Discover Barcelona's Own, Mariona Lloreta
From the minute I saw Mariona's work I was blown away. The relationship between the colors of her visuals, and the stories that depict black freedom, grace and power was enough for me to be curious of who she was. Mariona Lloreta is a visual artist and film maker from the cultural streets of Barcelona, Catalunya. Her visual work stirs conversations among its viewers and magnifies the essence of cultures beyond her own. These stories may not be happening in the present lives of many, but they still exist across the world. Lloreta's fervor for pushing positive change through creative arts led her to start Open Door in 2013. Open Door is a cross-country and multidisciplinary art platform where artists from all over the world discuss their art, its impact in today's cultural and social landscape, and start a conversation with one another. Get to know the main essentials of the beautiful woman that is Mariona Lloreta below.
How long have you been a visual artist?
It is hard to put a date to this: I have always created, from a very young age. Since I can remember, I would spend hours drawing with my grandmother and summers organizing performances and plays at home. I was involved in many different types of disciplines as a kid, whether it was ballet, singing, drums, piano, etc. Barcelona, the city where I was born and raised, has a way of injecting Art into daily life in such a seamless and organic way. There is beauty all around you: from Gaudí's buildings in Passeig de Gràcia, to wonderful street musicians and artists, and the whole city is a giant party every weekend until sunrise. I feel like growing up in such a special place, art is perceived as something that is very intimately tied to being human and it has deeply influenced the way I engage in artistic practices.

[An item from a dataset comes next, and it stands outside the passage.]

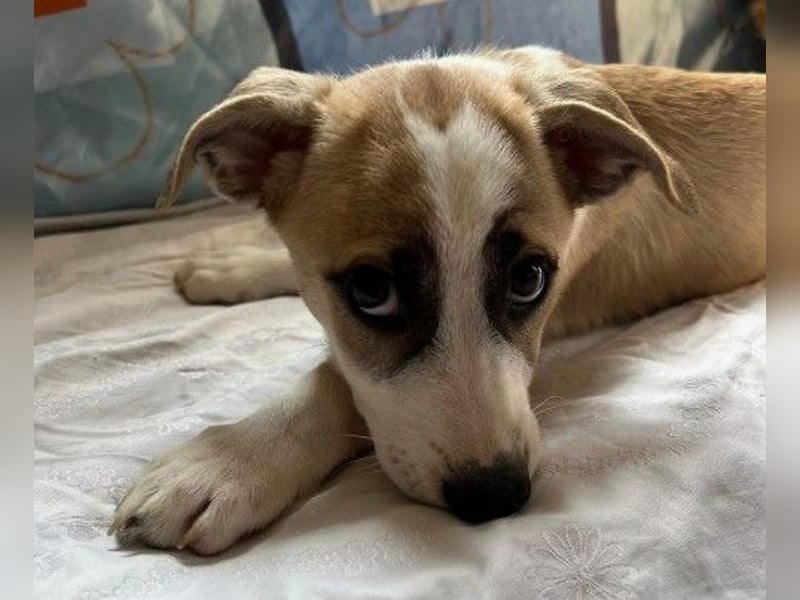 verschmuster, lieber Emoji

When did you first discover art as one of your talents?
Since I can remember, I have always used art as a means of expression - from painting to dancing to playing music. It has always been a means of sharing and coping with the complexities of my life and the lives of those around me.
How often do you practice your art?
I am constantly involved in different art forms. Every day I dedicate myself to some form of art or another, whether it is working on a visual piece, directing a film, or performing. A perfect day to me is a day when I was able to use creativity to contribute to the world and to connect with others.
Who are some artists that inspire you?
I am so lucky to know and be surrounded by so many inspiring artists. Most of my friends are incredible musicians, dancers and visual artists. Many of my family members are artists also. They all support and inspire me daily to reach higher and be a better human being.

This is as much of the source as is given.